Research Topic Flows in Co-Authorship Networks
- URL: http://arxiv.org/abs/2206.07980v1
- Date: Thu, 16 Jun 2022 07:45:53 GMT
- Title: Research Topic Flows in Co-Authorship Networks
- Authors: Bastian Sch\"afermeier and Johannes Hirth and Tom Hanika
- Abstract summary: We propose a graph structure for the analysis of research topic flows between scientific authors and their respective research fields.
Our method requires for the construction of a TFN solely a corpus of publications (i.e., author and abstract information)
We demonstrate the utility of TFNs by applying our method to two comprehensive corpora of altogether 20 Mio. publications spanning more than 60 years of research in the fields computer science and mathematics.
- Score: 0.0
- License: http://arxiv.org/licenses/nonexclusive-distrib/1.0/
- Abstract: In scientometrics, scientific collaboration is often analyzed by means of
co-authorships. An aspect which is often overlooked and more difficult to
quantify is the flow of expertise between authors from different research
topics, which is an important part of scientific progress. With the Topic Flow
Network (TFN) we propose a graph structure for the analysis of research topic
flows between scientific authors and their respective research fields.
Based on a multi-graph and a topic model, our proposed network structure
accounts for intratopic as well as intertopic flows. Our method requires for
the construction of a TFN solely a corpus of publications (i.e., author and
abstract information). From this, research topics are discovered automatically
through non-negative matrix factorization. The thereof derived TFN allows for
the application of social network analysis techniques, such as common metrics
and community detection. Most importantly, it allows for the analysis of
intertopic flows on a large, macroscopic scale, i.e., between research topic,
as well as on a microscopic scale, i.e., between certain sets of authors.
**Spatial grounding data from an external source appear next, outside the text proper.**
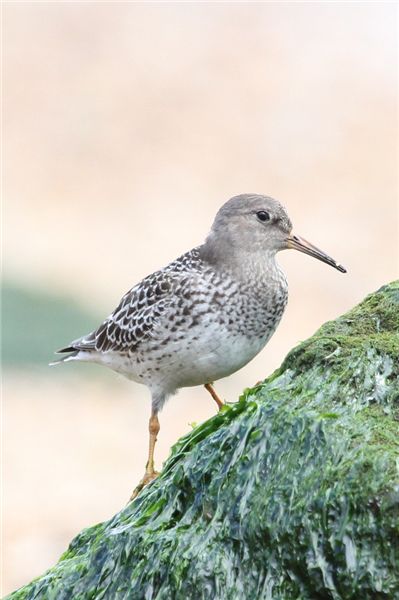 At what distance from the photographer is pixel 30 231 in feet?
85.9

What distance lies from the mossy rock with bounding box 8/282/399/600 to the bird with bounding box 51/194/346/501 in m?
1.36

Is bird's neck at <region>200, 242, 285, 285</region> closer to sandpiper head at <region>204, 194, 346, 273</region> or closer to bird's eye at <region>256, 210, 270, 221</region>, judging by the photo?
sandpiper head at <region>204, 194, 346, 273</region>

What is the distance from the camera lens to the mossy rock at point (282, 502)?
3.61 metres

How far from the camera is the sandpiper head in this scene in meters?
6.46

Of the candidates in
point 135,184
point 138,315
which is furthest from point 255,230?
point 135,184

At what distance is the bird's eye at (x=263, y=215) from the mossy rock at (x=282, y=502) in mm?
1698

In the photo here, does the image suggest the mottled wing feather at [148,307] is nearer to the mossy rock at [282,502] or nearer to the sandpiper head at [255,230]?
Result: the sandpiper head at [255,230]

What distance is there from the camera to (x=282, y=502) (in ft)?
12.7

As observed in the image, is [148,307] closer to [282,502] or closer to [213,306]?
[213,306]

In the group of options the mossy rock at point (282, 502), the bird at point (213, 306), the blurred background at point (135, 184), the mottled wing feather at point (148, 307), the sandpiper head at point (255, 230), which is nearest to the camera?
the mossy rock at point (282, 502)

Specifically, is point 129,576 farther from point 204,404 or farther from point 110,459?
point 204,404

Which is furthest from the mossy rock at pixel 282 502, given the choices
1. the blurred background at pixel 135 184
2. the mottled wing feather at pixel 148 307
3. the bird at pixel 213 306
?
the blurred background at pixel 135 184

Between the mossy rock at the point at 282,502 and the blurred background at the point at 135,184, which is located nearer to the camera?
the mossy rock at the point at 282,502

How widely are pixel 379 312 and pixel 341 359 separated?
65 centimetres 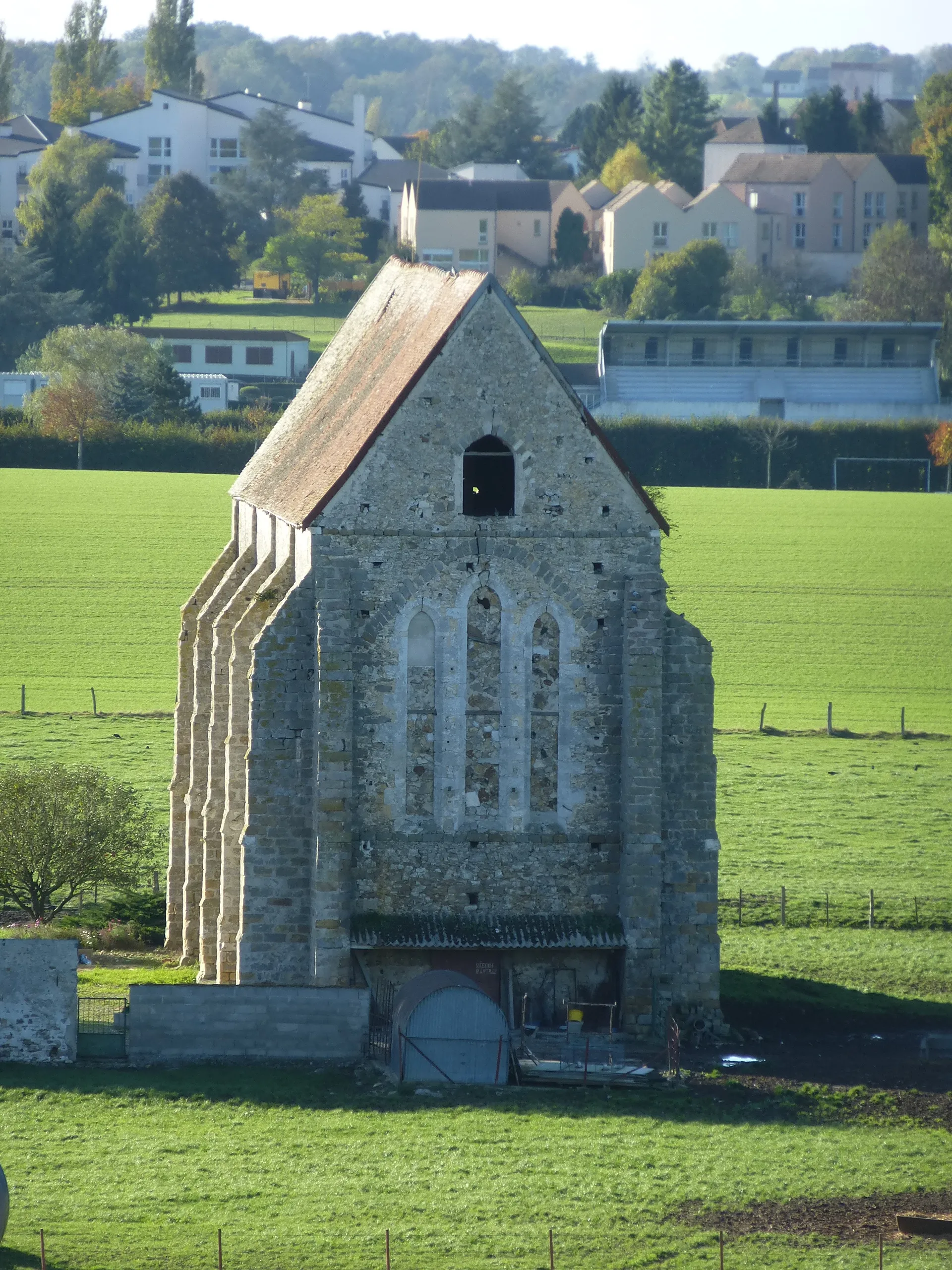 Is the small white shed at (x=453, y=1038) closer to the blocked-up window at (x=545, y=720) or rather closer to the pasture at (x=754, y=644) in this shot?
the blocked-up window at (x=545, y=720)

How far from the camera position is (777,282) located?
160m

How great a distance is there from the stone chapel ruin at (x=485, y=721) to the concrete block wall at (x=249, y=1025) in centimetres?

We demonstrate the utility of TFNs by applying our method to two
comprehensive corpora of altogether 20 Mio. publications spanning more than 60
years of research in the fields computer science and mathematics. Our results
give evidence that TFNs are suitable, e.g., for the analysis of topical
communities, the discovery of important authors in different fields, and, most
notably, the analysis of intertopic flows, i.e., the transfer of topical
expertise. Besides that, our method opens new directions for future research,
such as the investigation of influence relationships between research fields.